Таким образом, Карамзин обратился к лучшему на то время из возможных переводов-посредников, избрав язык, которым уже хорошо в ту пору владел. Деление на акты и сцены, также как и все примечания в карамзинском тексте восходят к тексту Эшенбурга. Некоторые примечания в русском переводе совершенно идентичны немецким комментариям даже по своей лексико-грамматической форме, например:
«Eine gewöhnliche Uebung des zu Kriegsdiensten bestimmten Römischen Adels. Horaz sagt daher von einem durch die Liebe entnervten Jünglinge: Cur timet flavum Tibrum tangere? – Sueton’s Zeugnis war Cäsar ein sehr geschickter Schwimmer. Warburton»57.
«Обыкновенное упражнение римских Патрикиан, определенных к военной службе. Почему Гораций говорит об одном юноше, пораженном любовию: Cur timet flavum Tibrum tangere? – По Светонову свидетельству, Цезарь был весьма искусен в плавании»58.
Карамзин, однако, воспроизвел только часть комментариев, опуская имена многих комментаторов (Грея, Тиболда, Виланда). При этом в передаче сравнений, метафор и эпитетов он точно следовал за немецким переводчиком:
«Flavius : These growing feathers pluck’d from Caesar’s wing
Will make him fly an ordinary pitch,
Who else woud soar above the view of men
And keep us all in servile fearfulness» (I, 1, 76–79)59.
«Wenn wir diese wachsenden Federn aus Cäsars Schwingen rupfen, so wird er nur in der gewöhnlichen Höhe fliegen, da er sonst sich mit einem Adlersfluge aus unserm Blick verlieren, und uns alle in knechtischer Aengstlichkeit erhalten würde»60.
«Естьли мы сии растущие перья вырвем из крылий Цезаревых, то полетит он на высоте обыкновенной; в противном же случае орлиным парением своим сокрылся бы он от взора нашего, и всех бы нас привел в страх рабский»61.
Выражение орлиное парение соответствует выражениюAdlersfluge и не имеет эквивалента в оригинале.

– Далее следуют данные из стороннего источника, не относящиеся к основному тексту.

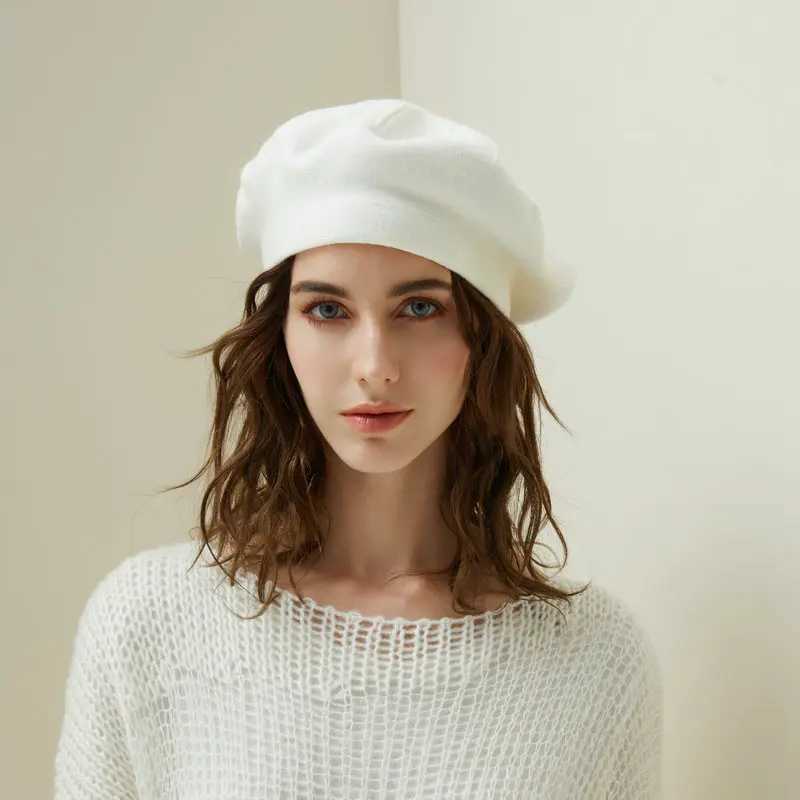 Hat for women big size circumference winter soft cashmere Beret Hat Women retro warm knitting artist hat casual pumpkin hat J251125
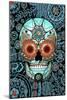 Sugar Skull Caribbean Blue-Fusion Idol Arts-Mounted Giclee Print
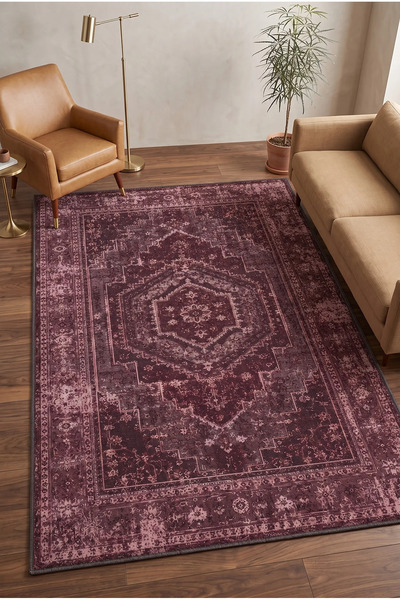 RUGPERA Milan Mürdüm Bordo Pudra Vintage Oryantal Dijital Baskı Yıkanabilir H...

Soar above the view of men означает парить вне поля зрения человека.
Второй пример:
«Cassius: Why, man, he doth bestride the narrow-word
Like a Colossus, and we petty men
Walk under his huge legs and peep about
To find ourselves dishonourable graves» (I, 2, 134–137).
«Oh! Freund, er steht über die enge Welt wie ein Koloss ausgepreitet, und wir kleinen Zwerge kriechen zwischen seinen riesenmäßigen Beinen, und gucken verstohlner Weise umher, um uns ein ruhmloses Grab auszufinden» (336).
«О друг мой! Он яко колосс осеняет тесные пределы мира, а мы яко карлы ползаем между исполинскими его подножиями, и вокруг озираемся, дабы обресть для себя срамное место смерти» (19).